El río, como el hombre, tiene dos orillas; la una es la de la realidad; la otra, la del deseo. La realidad son el ambiente rutinario oficinesco, la pequeña industria y el pequeño comercio, los encuentros y los desencuentros por Santa Clara, la vida y la muerte cuotidianas y, del otro lado, en la otra orilla, las promesas y los sueños que son el envés de la misma realidad.
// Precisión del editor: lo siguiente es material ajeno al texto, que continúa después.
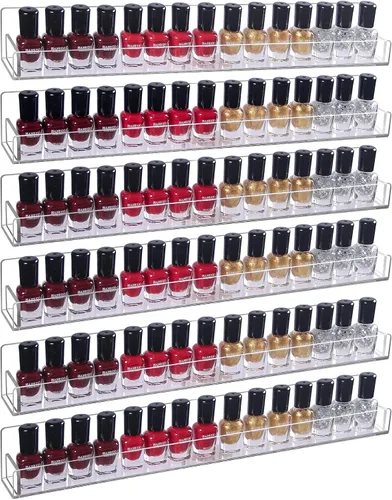 Juego de 6 soportes acrílicos para esmalte de uñas, montado en la pared, organizador de botellas de aceite esencial de lápiz labial, estante de
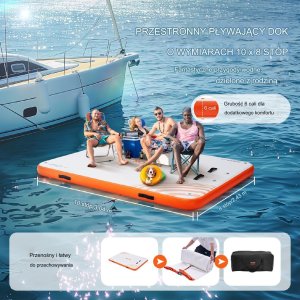 Nadmuchiwana pływająca tratwa wyspa na basen plaże 3,04 x 2,43 m 6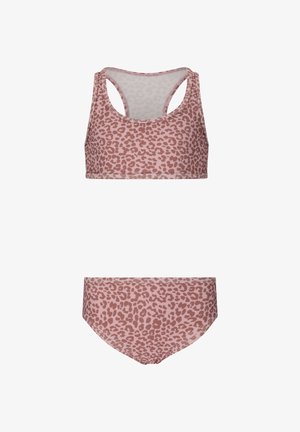 Maillot de bain rose deux pièces à pois léopard marron, comprenant un haut dos nageur et un bas hipster.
El Puente de Piedra es el eje en torno al que gira la vida de Zamora, un paso entre la resurrección en la Horta y los cipreses de San Atilano y, entre una y otros, una conciencia de futuro creada a partir de una tradición y de una identidad local, esa costumbre.

A veces creo que Zamora se ha parado en uno de los lados del puente, pero yo tengo un cuadro en el que se ve a un labriego, arrebujado en su capa, caminando sobre la nieve, ir al mercado por la plaza de Santa Lucía y ayudándole al burro a llevar su mercancía. La unidad no existe sin el diálogo que es un puente entre dos orillas, la de la tradición y la de la modernidad. "Pasé el puente, -dice Claudio Rodríguez en uno de sus poemas- y atrás lo dejé todo". Pero en vano. El lo sabía.

A la hora de diseñar el nuevo puente de Zamora sobre el río habrá que pensar en el Puente de Piedra.